フォースは残り4分のところで取ったトライの時にコンバージョンが決まらなかったので2点差にできなかったのが痛かったか。それにより4点差だったのでトライを奪わなくては勝利できなかったのが最後に影響したことになった。そんなに難しくなかったキックだけに余計に残念だったか。
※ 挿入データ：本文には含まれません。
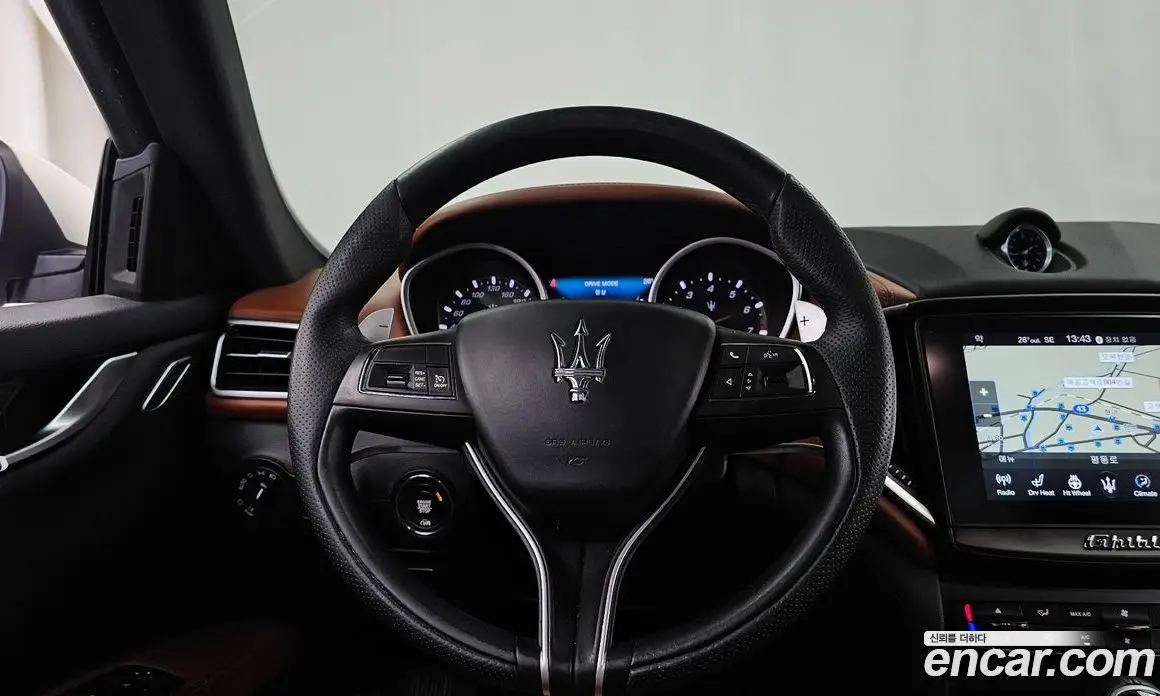 Maserati Ghibli 2017 3.0 автомат (гидро), фото 13 Maserati Ghibli 2017 3.0 автомат (гидро), фото 13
ブルーズが苦戦したのは、後半の頭に敵陣ゴール前で攻めていて、相手にイエローカードが出たにもかかわらず、トライを追加できなかったのが最後までもつれる要因になったか。ここで取っていれば19~21点差になって相手へのダメージは大きいと思う。
試合スコアー&ハイライト動画
Western Force 18
(Manasa Mataele, Jeremy Thrush, Bo Abra tries; Bayley Kuenzle pen)
Blues 22
(Sam Darry, Akira Ioane, AJ Lam tries; Beauden Barrett 2 con, pen).
HT: 8-22
大接戦でお祭り騒ぎ!
フィジアン・ドゥルア v ハイランダーズ
Suvaの超満員のスタジアムで行われたこの試合。
ハイランダーズの「Haka」とフィジアン・ドゥルアの「War Cry」で
スタジアムは更に盛り上がった!
キックオフから間もなく、フィジアン・ドゥルアの凄い攻撃が見れた。
11番がタッチライン際をスピードを活かしてゲインしてチャンスを作り最後は9番がトライでスタジアムが大盛り上がり。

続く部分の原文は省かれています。